Natural gas is also the only near-term options for replacing coal boilers and lowering smokestack emissions at high profile locations such as universities and urban district heating grids. The community groups and advocates who are pressuring these units to switch from coal are likely to face a dilemma with using conventional natural gas as a replacement fuel and will be more likely to support RNG as part of repowering plans. Environmentally conscious homeowners also face limited alternatives to natural gas in existing homes. Passive and active solar heating systems are expensive and logistically-challenging options to provide renewable heat and hot water to the vast majority of existing homes. Renewable natural gas, in contrast, can utilize existing infrastructure and the many highly-efficient natural gas appliances developed in recent decades, such as tankless natural gas water heaters and condensing furnaces.
Finally, new policies are creating opportunities for RNG to avoid competition with conventional natural gas pricing altogether. New rules from the Wisconsin Public Service Commission created in response to recent legislation allow RNG injected into the pipeline to generate renewable electricity credits (RECs) that are used by utilities and entities to comply with renewable electricity mandates or commitments. The rationale for allowing utilities to convert RNG into renewable electricity credits is that utilities already burn natural gas to generate electricity. Since RNG in the pipeline is indistinguishable from conventional natural gas, stakeholders in Wisconsin felt that it was appropriate to allow utilities to count a portion of the electricity generated from natural gas at existing power plants as renewable consistent with the Btu content of RNG purchased by the utility.

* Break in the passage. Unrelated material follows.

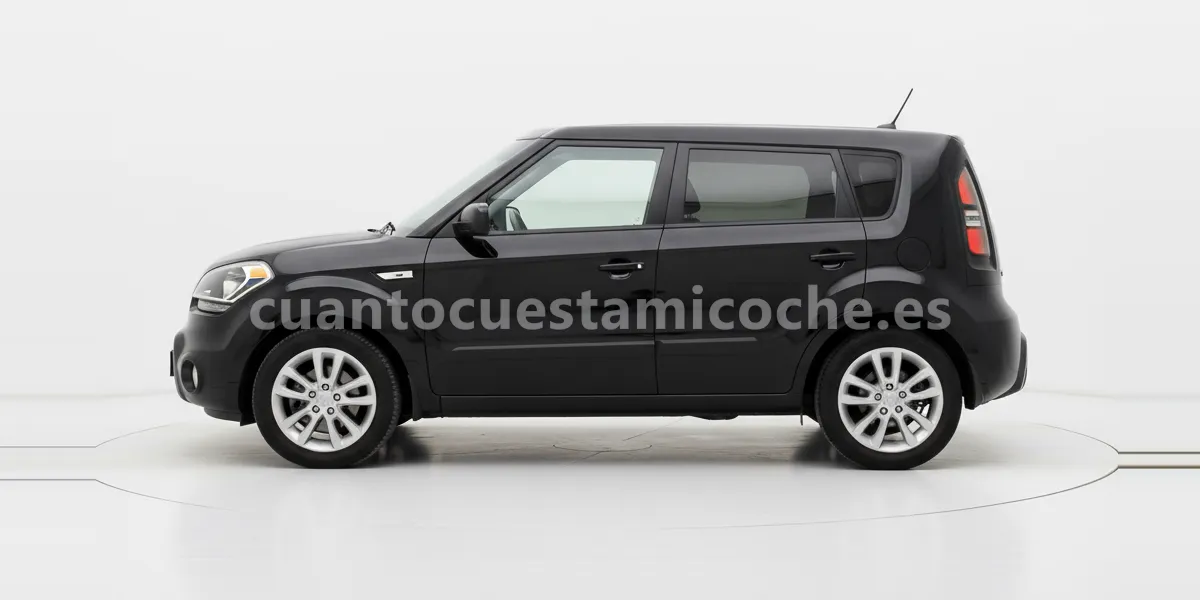 Kia Soul (2012–2013)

The presence of large, efficient natural gas combined cycle power plants provides an opportunity to take advantage of pipeline biogas in a way that is cost-competitive with other renewable electricity resources. For example, the rates used to represent generic long-term contracts for renewable electricity from wind and biomass in a recent construction case at the Wisconsin Public Service Commission were between $0.09 to $0.11/kWh.
To date no utility has taken advantage of this rule and proposed a specific project, but an example calculation can illustrate how RNG can be cost-competitive with wind and biomass alternatives. To produce renewable electricity from RNG injected into the pipeline at between 0.09 to $0.11/kWh is equivalent to a pipeline biogas production cost of between $12 and $15/mmBtu, exclusive of any variable O&M costs at the natural gas power plant. (This example calculation uses a natural gas combined cycle heat rate (i.e., efficiency) of 7,000 Btu/kWh common for the most recent facilities. Data on the non-fuel O&M costs for natural gas combined cycle vary widely. A value of $0.025/kWh has been used by the Congressional Research Service.)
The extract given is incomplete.